High Energy Arcing Faults (HEAF) have the potential to cause extensive damage to the failed electrical components and distribution systems along with adjacent equipment and cables within the zone of influence (ZOI). Furthermore, the significant energy released during HEAF event can act as an ignition source to other components within the area of the HEAF. In Japan, during the Great East Japan Earthquake occurred in 2011, the seismic induced HEAF fire event, which induced the whole damage of the multiple high voltage switchgears, was observed in Onagawa Nuclear Power Plant (NPP). In response, in August 2017, the NRA (Nuclear Regular Authority) in Japan amended the safety requirement for the power supply to consider the influence of the successive fire due to the HEAF event (hereinafter HEAF fire event). Therefore, it is urgently necessary to establish the design criteria to prevent the HEAF fire event, and enhance the experiment data of the HEAF fire event. In order to estimate the total arc energy during the HEAF event and obtain the threshold value to prevent the HEAF fire for the existed non-arc proof electrical cabinets, several series of three-phase internal arc tests with high (6.9kV class) and low (480V class) voltage electrical cabinets were executed. We executed internal arc tests with full scale high/low voltage metal-enclosed switchgear components (non-arc proof type, copper bus conductor), and evaluated arc energy, the mechanical damage of the cabinet and the surrounding equipment due to the impulsive pressure and the possibility of successive fire occurrence.
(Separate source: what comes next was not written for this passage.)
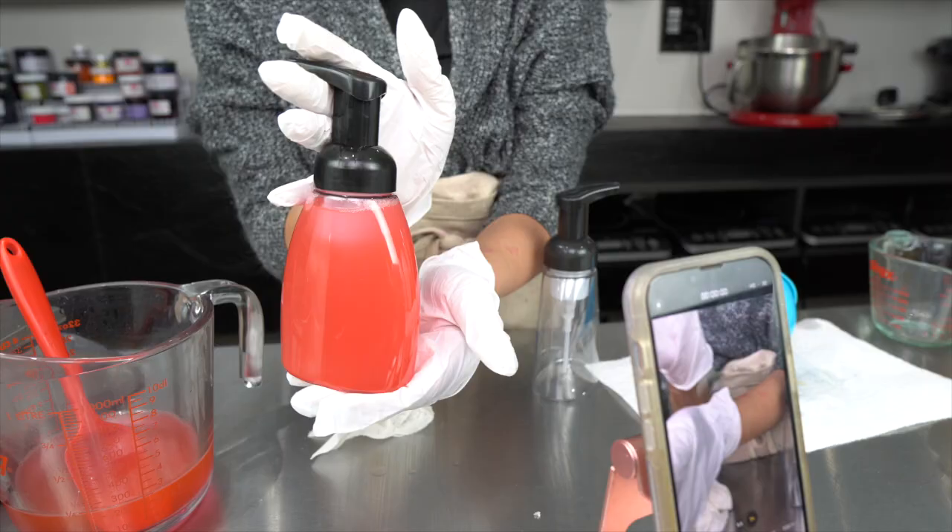Welcome back to the channel. In today's video we are going to be making foaming liquid hand soap. Making hand soap like this is kind of a big deal because my channel has grown because of my cold process soaps, which is a completely different thing — that process results in the soap bars I sell in my company. But I wanted to make liquid hand soap for so long because not everybody is a big fan of bar soap when it comes to bathrooms and kitchens; sometimes it's more convenient to have soap in this form.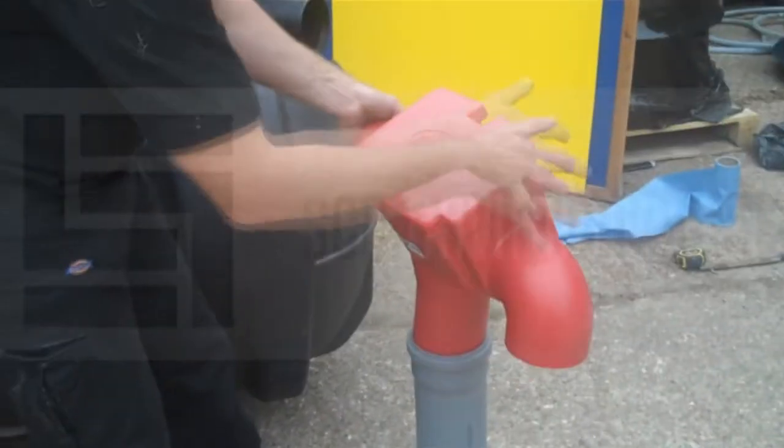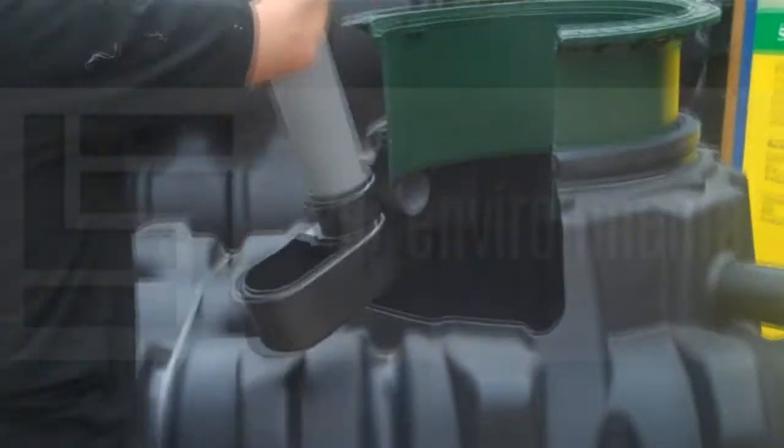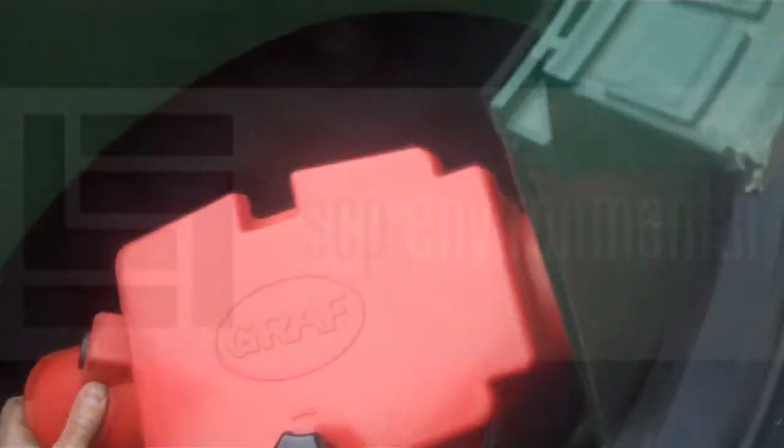We have the grey connection pipe which goes into the calmed inlet and then the Minimax fits onto the top of that grey pipe. As you can see, Jamie here has already installed the inlet pipe and the overflow siphon.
In case of high voltage switchgear, when the arcing energy exceeded 25.3MJ, successive fire was identified. Especially, in the case where the arc flash was discharged in the circuit breaker room, a 2-second arcing duration in a three-phase short-circuit current with 18.9kA (measured arcing energy over 40MJ) caused successive fire which required extinguishment. On the other hand, in case of low voltage power center, when the arcing energy exceeded 19MJ, successive fire was identified. According to these demonstrative tests, this paper presents the evaluation method to estimate total arc discharge energy during the HEAF event for high and low voltage electrical cabinets.